Extracted information Block Start
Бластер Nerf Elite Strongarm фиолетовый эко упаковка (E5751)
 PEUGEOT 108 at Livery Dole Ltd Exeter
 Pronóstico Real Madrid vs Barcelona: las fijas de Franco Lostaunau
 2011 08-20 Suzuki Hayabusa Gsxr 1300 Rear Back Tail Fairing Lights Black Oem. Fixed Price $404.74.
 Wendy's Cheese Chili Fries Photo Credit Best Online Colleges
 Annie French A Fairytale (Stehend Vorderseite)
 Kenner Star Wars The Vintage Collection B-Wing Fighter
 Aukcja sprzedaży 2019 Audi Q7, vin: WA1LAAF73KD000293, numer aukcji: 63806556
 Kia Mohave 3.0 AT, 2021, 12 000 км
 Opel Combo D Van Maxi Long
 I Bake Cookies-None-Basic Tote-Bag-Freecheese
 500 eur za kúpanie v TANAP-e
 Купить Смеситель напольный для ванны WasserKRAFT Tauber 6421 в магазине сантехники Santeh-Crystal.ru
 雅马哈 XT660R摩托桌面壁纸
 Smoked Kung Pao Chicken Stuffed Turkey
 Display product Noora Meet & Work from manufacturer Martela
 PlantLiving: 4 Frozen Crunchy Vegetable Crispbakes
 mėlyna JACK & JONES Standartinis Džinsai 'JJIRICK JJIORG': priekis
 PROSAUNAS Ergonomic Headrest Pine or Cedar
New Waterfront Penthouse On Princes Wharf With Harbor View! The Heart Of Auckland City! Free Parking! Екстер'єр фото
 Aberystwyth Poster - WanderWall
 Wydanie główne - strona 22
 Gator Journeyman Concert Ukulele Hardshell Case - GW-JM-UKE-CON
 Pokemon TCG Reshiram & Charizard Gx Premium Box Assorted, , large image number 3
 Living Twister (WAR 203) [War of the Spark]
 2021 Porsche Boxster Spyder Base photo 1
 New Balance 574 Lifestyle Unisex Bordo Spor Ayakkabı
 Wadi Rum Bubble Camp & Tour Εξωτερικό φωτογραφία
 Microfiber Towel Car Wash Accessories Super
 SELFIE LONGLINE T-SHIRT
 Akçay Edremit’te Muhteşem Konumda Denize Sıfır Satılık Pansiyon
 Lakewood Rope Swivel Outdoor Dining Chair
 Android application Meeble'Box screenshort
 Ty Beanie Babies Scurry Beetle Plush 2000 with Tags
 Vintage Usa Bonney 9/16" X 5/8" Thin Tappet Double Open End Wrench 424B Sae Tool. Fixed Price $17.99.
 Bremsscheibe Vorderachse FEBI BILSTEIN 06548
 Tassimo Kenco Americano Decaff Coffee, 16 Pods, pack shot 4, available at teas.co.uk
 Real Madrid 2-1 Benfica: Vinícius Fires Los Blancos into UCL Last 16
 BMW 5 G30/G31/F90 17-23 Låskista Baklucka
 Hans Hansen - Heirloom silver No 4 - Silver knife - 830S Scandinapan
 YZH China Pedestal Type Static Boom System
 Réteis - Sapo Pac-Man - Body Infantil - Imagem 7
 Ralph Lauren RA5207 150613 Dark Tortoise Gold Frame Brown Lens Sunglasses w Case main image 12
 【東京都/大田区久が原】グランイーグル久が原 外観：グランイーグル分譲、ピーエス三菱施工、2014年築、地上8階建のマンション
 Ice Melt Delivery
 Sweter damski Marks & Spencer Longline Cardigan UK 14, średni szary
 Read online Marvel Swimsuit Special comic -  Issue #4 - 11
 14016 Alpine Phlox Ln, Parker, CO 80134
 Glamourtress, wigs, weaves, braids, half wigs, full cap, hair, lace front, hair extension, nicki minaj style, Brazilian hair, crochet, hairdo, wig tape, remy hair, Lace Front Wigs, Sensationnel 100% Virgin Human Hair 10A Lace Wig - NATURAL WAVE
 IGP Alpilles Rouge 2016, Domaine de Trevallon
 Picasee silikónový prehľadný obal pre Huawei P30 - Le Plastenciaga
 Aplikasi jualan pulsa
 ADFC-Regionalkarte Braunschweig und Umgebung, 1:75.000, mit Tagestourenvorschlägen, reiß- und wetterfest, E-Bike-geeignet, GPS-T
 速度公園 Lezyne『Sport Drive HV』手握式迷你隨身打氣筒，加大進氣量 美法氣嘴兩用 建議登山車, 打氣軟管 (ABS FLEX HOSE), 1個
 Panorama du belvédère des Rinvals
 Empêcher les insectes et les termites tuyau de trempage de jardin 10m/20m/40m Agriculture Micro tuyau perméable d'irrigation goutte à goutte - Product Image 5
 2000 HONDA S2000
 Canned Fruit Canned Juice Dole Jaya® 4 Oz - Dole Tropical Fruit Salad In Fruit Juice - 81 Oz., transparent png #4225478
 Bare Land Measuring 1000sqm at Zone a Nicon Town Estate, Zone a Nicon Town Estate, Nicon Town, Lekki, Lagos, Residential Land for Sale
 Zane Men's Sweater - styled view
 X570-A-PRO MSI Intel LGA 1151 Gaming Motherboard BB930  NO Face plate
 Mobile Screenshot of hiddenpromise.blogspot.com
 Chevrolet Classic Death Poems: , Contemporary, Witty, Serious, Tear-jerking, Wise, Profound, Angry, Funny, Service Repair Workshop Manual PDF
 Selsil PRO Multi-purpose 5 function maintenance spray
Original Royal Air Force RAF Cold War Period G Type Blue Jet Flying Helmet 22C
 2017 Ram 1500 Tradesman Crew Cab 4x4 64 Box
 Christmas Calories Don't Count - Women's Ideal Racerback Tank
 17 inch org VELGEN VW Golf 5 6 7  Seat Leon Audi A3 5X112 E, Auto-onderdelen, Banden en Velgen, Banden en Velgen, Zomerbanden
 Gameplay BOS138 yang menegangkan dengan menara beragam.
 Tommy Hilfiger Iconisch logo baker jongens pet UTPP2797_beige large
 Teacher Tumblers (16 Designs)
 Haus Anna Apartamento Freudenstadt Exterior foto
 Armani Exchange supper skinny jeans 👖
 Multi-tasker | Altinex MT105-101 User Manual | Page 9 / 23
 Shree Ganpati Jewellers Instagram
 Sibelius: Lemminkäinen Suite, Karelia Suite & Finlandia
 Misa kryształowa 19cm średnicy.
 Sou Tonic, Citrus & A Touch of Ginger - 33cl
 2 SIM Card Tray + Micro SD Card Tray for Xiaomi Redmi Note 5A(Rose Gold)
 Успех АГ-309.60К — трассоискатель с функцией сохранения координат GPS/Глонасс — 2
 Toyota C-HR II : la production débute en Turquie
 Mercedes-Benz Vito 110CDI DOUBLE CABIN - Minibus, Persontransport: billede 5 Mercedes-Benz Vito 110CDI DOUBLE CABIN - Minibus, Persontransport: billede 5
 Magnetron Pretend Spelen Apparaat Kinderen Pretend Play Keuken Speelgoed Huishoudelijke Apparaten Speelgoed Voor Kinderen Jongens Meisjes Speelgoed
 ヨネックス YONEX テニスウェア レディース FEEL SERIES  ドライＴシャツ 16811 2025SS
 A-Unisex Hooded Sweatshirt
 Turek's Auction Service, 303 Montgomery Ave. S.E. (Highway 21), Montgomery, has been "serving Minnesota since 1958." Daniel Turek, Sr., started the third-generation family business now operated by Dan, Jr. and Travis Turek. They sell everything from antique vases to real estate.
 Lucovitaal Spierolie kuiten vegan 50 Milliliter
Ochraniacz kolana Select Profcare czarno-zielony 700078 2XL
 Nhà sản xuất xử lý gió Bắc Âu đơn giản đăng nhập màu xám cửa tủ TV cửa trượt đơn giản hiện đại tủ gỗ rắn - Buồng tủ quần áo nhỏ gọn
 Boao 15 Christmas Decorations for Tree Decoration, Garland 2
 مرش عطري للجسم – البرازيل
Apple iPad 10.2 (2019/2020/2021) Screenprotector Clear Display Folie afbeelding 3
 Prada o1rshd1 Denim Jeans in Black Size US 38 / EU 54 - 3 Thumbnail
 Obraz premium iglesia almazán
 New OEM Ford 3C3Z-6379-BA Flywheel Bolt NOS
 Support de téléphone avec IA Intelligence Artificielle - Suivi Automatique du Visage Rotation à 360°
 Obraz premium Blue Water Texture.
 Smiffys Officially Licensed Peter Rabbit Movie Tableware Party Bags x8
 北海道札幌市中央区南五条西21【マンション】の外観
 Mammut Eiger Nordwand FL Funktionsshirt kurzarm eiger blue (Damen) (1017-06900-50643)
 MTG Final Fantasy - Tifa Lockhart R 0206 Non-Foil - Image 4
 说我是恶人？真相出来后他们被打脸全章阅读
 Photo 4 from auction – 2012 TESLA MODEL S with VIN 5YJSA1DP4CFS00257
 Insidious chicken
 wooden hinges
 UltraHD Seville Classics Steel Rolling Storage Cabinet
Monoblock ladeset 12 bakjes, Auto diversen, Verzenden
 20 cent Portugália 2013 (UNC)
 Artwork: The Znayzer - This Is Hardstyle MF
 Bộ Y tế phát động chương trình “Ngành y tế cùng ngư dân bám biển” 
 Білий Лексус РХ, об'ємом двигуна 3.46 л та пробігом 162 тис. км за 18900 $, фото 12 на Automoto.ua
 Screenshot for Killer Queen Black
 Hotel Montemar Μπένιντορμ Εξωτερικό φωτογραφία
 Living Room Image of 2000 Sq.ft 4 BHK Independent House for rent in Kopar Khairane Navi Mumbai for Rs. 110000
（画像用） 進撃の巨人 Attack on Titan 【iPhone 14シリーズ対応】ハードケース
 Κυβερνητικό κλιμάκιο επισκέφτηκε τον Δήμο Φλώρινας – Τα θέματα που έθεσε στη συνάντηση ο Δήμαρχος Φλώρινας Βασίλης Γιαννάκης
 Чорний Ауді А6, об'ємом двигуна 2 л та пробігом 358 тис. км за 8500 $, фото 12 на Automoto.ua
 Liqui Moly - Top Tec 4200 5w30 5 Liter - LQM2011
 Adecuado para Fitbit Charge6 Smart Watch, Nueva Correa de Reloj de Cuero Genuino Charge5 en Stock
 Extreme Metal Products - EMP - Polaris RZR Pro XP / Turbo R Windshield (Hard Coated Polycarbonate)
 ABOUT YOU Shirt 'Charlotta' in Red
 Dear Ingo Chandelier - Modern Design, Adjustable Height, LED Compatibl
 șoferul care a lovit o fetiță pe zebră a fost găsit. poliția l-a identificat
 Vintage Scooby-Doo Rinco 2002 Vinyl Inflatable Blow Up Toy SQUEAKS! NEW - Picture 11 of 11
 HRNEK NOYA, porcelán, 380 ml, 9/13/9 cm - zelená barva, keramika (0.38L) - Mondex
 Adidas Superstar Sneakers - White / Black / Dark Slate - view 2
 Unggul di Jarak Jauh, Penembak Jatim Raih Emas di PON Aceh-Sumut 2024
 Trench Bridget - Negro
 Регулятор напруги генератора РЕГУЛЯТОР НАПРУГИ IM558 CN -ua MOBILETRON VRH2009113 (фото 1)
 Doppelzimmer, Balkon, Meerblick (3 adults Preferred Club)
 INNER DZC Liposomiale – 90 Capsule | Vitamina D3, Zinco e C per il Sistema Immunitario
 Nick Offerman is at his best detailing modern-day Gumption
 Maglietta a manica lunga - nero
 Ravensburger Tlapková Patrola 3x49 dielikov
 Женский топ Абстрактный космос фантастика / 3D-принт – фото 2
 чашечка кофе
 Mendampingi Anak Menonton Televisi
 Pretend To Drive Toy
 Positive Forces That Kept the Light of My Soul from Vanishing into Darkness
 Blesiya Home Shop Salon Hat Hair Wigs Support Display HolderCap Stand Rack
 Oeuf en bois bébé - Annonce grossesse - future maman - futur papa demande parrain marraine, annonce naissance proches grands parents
Extracted information Block End
Work request
Reproduce exactly, and only, the part of the listing above that begins at the line with "Lucovitaal Spierolie kuiten" and goes on through the line with "Prada o1rshd1 Denim".

Solution
 Lucovitaal Spierolie kuiten vegan 50 Milliliter
Ochraniacz kolana Select Profcare czarno-zielony 700078 2XL
 Nhà sản xuất xử lý gió Bắc Âu đơn giản đăng nhập màu xám cửa tủ TV cửa trượt đơn giản hiện đại tủ gỗ rắn - Buồng tủ quần áo nhỏ gọn
 Boao 15 Christmas Decorations for Tree Decoration, Garland 2
 مرش عطري للجسم – البرازيل
Apple iPad 10.2 (2019/2020/2021) Screenprotector Clear Display Folie afbeelding 3
 Prada o1rshd1 Denim Jeans in Black Size US 38 / EU 54 - 3 Thumbnail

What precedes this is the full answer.